For now I'll stick with a nice simple ping. For those that might come across this in the future (perhaps even my future self!), here's what I've done in our Alpine Linux box -

Code:
# crontab -e
* * * * * /bin/ping 8.8.8.8 -c 1 > /dev/null 2>&1

Out of interest, are there any future proposed fixes for this within Proxmox?
 
how about only pinging the default GW ?

Bash:
* * * * * /bin/ping $(ip route | awk '/default/ {print $3}') -c 1 || echo "GW unreachable at $(date)" >> /var/log/gw_ping.log
 
how about only pinging the default GW ?

Bash:
* * * * * /bin/ping $(ip route | awk '/default/ {print $3}') -c 1 || echo "GW unreachable at $(date)" >> /var/log/gw_ping.log

Not a bad idea at all actually - it doesn't need a WAN ping does it, wasn't really thinking there! Thanks
 
Yes, this is currently an issue with silent hosts - since the type-2 routes are generated from the hosts' neighbor table, the VM needs to regularly connect outside so the neighbor table on the PVE host doesn't get lost. A workaround for this could be inserting routes statically into the neighbor table (e.g. via the VM lifecycle hooks) or regularly initiating connections from inside the guest.
I 'm not sure that hook can work with live migration, as the arp entry need to be set after source vm stop (the arp entry need to be flushed from source horst) and before the resume of the target vm.

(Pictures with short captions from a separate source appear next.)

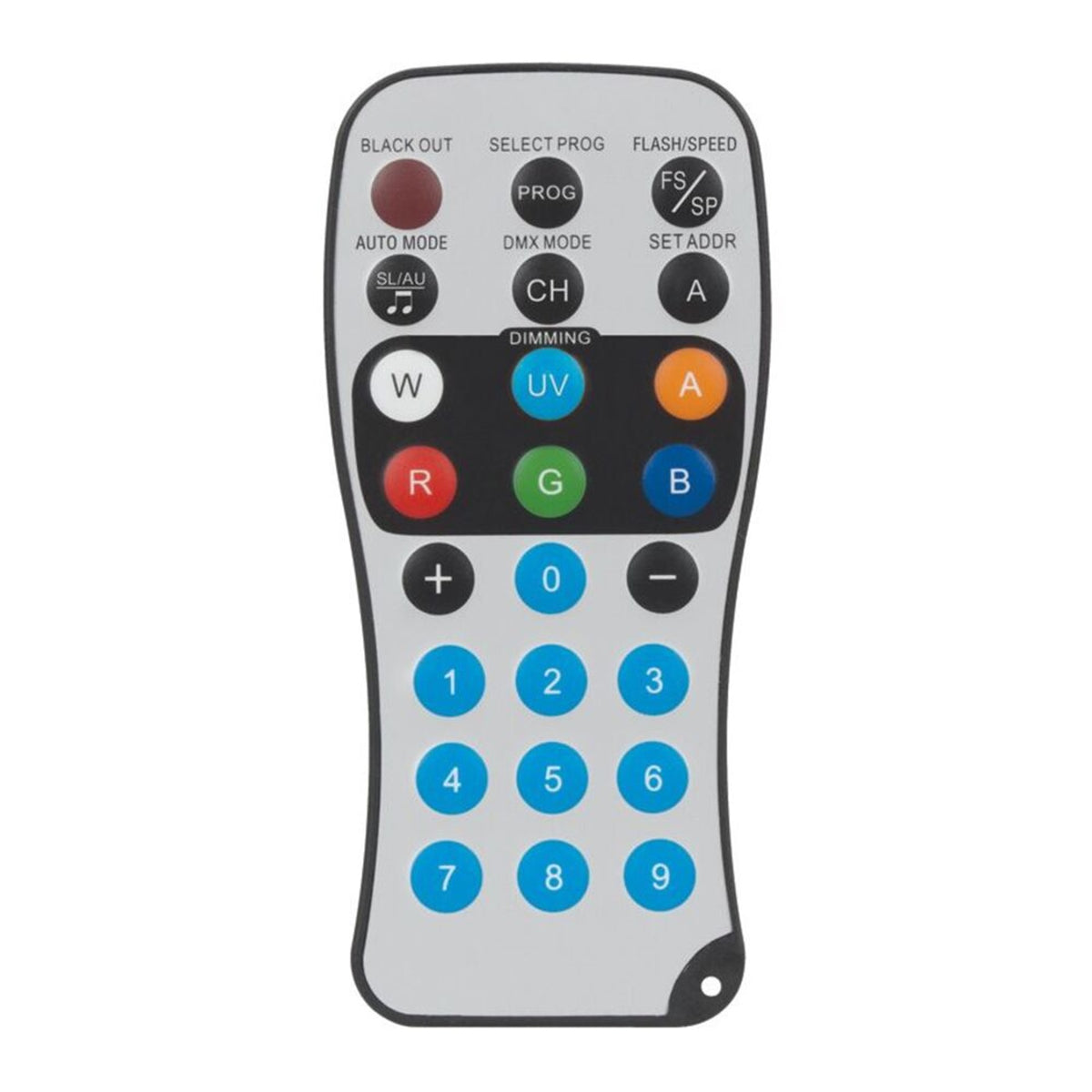 American DJ ADJ LED RC4 RHBWAW+UV Wireless Remote Control For Mega 64 HEX Pak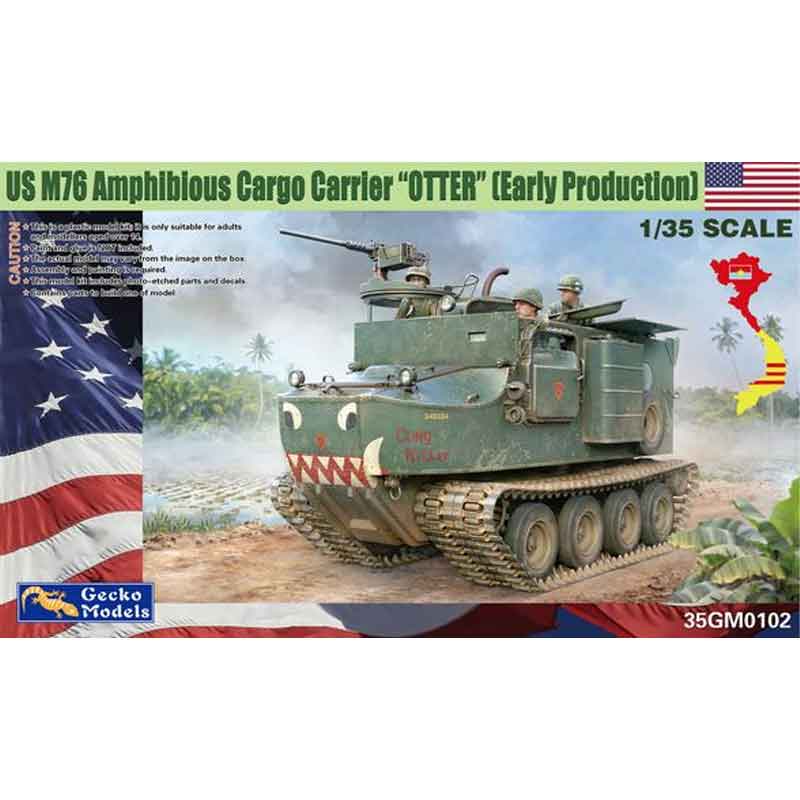Gecko Models US M76 Amphibious Cargo Carrier "OTTER" (1/35) 35GM0102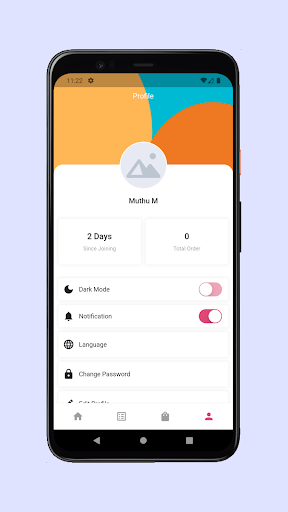 Android application Start2Shop Delivery screenshort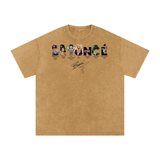 Beyonce Cowboy Carter Acid Wash Oversize T-Shirt
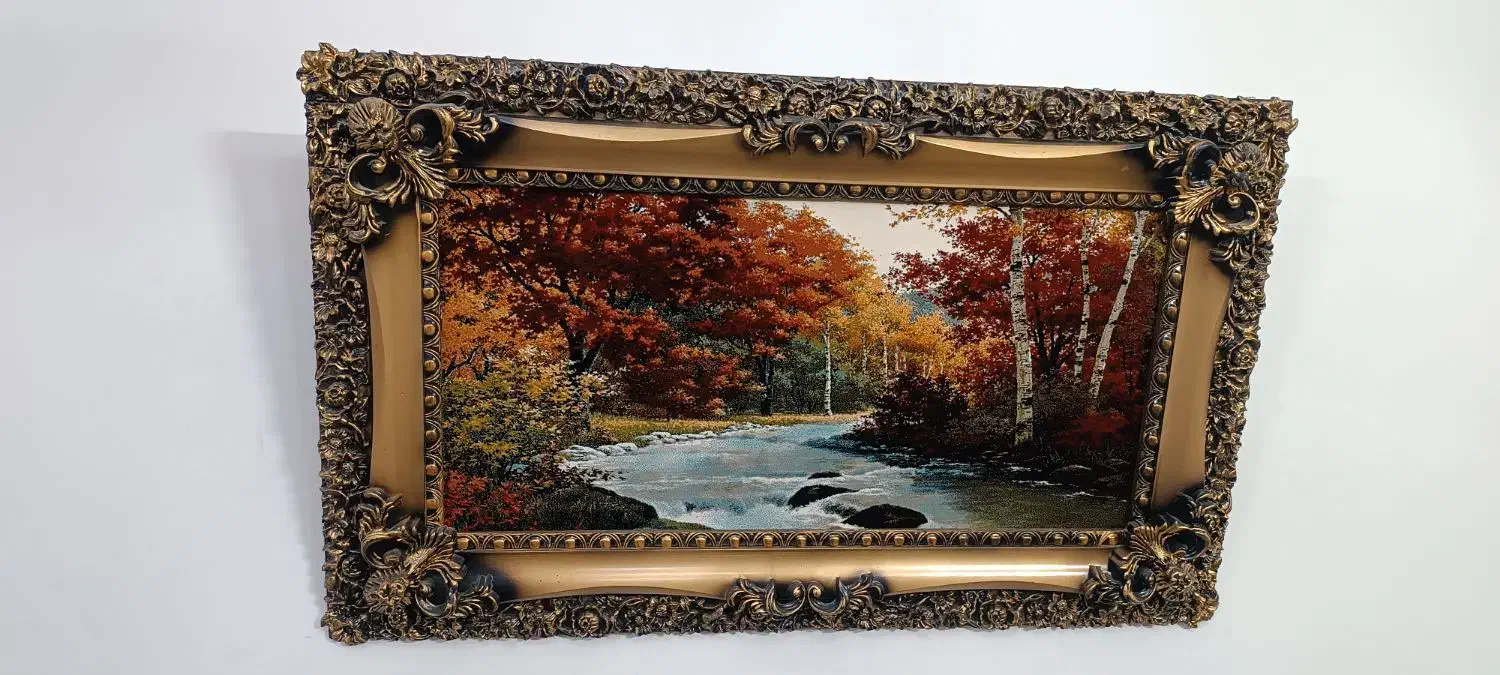 تابلو فرش ماشینی و نقاشی گیتار|تابلو فرش|قزوین, |دیوار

This is a thing that we should implemented officially. (like we already do for mac address with 'bridge-disable-mac-learning).

Don't known what between ipam or the ipconfigX: in vm config is the best source.
 
I 'm not sure that hook can work with live migration, as the arp entry need to be set after source vm stop (the arp entry need to be flushed from source horst) and before the resume of the target vm.

This is a thing that we should implemented officially. (like we already do for mac address with 'bridge-disable-mac-learning).

Don't known what between ipam or the ipconfigX: in vm config is the best source.
I remember once reading a blog post from someone who solved it that way, but it seems to be offline atm :/ (edit: https://web.archive.org/web/2023032...posts/2022/announce-proxmox-vm-ips-via-bgp-1/ - it was for announcing /32 though)

But you're right, this is probably something that is better solved by integrating it into the stack rather than relying on custom hookscripts..
 
Last edited: